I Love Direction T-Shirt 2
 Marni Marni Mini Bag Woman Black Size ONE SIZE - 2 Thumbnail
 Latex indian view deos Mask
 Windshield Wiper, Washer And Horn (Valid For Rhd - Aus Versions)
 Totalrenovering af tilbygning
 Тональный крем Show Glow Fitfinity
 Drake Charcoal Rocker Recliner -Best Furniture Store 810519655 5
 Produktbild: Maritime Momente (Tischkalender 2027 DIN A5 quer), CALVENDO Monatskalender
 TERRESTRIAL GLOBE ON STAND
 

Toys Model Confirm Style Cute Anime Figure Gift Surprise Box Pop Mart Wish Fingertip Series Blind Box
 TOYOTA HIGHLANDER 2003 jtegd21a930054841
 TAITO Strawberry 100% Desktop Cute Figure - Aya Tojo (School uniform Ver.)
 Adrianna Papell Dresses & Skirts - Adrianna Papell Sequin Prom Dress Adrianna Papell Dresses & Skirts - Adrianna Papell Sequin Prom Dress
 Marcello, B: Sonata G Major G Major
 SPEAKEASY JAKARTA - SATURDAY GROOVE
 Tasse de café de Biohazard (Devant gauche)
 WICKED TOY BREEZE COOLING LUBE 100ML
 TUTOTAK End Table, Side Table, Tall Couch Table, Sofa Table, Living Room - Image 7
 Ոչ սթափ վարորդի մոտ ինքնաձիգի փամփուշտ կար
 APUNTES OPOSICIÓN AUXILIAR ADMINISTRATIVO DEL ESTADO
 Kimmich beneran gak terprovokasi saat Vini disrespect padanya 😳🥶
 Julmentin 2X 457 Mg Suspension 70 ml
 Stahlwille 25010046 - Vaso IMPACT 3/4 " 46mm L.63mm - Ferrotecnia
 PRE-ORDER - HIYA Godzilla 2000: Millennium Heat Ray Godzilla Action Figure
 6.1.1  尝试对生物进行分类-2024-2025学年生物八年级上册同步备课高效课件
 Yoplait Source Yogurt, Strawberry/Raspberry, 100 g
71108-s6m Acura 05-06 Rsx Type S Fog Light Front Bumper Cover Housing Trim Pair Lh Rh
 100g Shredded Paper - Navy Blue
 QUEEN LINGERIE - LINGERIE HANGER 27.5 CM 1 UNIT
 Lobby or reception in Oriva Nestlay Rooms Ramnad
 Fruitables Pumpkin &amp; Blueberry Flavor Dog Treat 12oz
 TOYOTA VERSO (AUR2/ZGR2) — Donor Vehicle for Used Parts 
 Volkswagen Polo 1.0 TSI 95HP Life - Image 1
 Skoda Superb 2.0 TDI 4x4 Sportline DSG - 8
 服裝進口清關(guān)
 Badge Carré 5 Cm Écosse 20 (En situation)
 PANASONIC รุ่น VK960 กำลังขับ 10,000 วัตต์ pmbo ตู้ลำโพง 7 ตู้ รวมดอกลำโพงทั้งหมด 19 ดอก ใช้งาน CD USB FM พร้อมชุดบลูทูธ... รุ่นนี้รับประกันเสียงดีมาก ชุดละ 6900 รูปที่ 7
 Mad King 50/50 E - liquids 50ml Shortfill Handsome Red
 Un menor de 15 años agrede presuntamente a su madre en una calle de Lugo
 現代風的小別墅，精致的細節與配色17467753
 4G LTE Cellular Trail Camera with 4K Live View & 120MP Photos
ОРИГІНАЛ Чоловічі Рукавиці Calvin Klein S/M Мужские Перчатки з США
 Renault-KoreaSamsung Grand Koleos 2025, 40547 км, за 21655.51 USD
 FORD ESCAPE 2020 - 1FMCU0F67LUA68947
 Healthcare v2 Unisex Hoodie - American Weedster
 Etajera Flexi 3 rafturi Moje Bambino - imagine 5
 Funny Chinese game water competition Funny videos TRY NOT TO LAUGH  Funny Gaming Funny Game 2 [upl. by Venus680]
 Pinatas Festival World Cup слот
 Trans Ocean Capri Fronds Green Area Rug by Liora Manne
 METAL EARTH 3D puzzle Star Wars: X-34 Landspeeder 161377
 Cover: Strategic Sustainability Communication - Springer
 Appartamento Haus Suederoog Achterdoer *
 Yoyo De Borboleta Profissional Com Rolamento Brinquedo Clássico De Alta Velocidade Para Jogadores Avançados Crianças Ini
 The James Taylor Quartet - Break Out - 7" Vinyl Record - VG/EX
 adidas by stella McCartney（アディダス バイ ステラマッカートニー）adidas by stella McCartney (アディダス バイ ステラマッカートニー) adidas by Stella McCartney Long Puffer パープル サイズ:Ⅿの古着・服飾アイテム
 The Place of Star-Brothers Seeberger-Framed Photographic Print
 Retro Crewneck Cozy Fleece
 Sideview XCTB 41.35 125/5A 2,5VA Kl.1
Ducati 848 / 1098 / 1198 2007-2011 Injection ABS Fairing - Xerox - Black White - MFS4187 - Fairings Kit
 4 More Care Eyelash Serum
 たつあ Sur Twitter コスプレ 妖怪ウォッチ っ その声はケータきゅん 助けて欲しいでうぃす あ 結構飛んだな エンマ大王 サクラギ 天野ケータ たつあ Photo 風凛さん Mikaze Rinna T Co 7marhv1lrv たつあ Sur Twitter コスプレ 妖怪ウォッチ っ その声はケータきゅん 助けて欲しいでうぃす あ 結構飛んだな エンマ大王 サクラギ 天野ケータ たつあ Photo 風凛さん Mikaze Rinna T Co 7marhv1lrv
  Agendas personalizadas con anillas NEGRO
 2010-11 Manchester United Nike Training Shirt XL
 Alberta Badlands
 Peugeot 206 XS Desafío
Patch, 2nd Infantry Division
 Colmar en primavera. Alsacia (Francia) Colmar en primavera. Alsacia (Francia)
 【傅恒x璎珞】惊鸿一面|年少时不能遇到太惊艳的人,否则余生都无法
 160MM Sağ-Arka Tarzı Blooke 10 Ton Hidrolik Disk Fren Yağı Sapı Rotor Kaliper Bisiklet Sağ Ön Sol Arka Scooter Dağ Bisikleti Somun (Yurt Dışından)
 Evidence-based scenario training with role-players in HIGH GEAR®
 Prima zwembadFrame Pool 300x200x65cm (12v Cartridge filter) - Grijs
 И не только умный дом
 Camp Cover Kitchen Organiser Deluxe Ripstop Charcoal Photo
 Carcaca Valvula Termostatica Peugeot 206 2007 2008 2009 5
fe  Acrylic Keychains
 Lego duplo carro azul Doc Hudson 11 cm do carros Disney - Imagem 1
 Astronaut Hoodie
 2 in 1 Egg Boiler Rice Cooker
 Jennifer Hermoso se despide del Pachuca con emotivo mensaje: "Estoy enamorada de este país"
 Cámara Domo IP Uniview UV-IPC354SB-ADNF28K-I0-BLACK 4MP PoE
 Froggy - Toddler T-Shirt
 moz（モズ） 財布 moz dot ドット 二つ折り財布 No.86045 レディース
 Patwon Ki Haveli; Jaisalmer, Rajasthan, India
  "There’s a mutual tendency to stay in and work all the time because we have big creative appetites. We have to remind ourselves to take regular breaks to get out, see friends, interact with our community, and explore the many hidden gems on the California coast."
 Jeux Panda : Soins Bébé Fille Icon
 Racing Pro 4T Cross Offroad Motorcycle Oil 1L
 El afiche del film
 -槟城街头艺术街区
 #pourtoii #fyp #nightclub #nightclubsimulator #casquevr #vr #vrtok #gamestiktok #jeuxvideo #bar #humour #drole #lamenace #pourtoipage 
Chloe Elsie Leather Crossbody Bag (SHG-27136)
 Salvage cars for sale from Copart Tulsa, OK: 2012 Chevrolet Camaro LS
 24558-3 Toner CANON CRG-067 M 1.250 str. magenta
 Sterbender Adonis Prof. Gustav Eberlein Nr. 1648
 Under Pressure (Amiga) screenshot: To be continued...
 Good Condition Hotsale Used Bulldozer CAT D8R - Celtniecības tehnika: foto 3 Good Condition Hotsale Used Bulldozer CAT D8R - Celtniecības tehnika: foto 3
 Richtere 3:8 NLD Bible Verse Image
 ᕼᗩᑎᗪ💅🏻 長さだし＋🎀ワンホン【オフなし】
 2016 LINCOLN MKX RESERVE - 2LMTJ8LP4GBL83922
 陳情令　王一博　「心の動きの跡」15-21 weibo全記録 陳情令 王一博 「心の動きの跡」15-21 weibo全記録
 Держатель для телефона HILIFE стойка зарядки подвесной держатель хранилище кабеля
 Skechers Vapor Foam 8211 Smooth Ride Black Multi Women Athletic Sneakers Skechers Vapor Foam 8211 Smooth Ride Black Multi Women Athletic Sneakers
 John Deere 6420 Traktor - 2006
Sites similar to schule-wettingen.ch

※

Go through the material above and output exactly the lines from the one containing "Kimmich beneran gak" through the one containing "Badge Carré 5 Cm Écosse 20 (En situation)".

 Kimmich beneran gak terprovokasi saat Vini disrespect padanya 😳🥶
 Julmentin 2X 457 Mg Suspension 70 ml
 Stahlwille 25010046 - Vaso IMPACT 3/4 " 46mm L.63mm - Ferrotecnia
 PRE-ORDER - HIYA Godzilla 2000: Millennium Heat Ray Godzilla Action Figure
 6.1.1  尝试对生物进行分类-2024-2025学年生物八年级上册同步备课高效课件
 Yoplait Source Yogurt, Strawberry/Raspberry, 100 g
71108-s6m Acura 05-06 Rsx Type S Fog Light Front Bumper Cover Housing Trim Pair Lh Rh
 100g Shredded Paper - Navy Blue
 QUEEN LINGERIE - LINGERIE HANGER 27.5 CM 1 UNIT
 Lobby or reception in Oriva Nestlay Rooms Ramnad
 Fruitables Pumpkin &amp; Blueberry Flavor Dog Treat 12oz
 TOYOTA VERSO (AUR2/ZGR2) — Donor Vehicle for Used Parts 
 Volkswagen Polo 1.0 TSI 95HP Life - Image 1
 Skoda Superb 2.0 TDI 4x4 Sportline DSG - 8
 服裝進口清關(guān)
 Badge Carré 5 Cm Écosse 20 (En situation)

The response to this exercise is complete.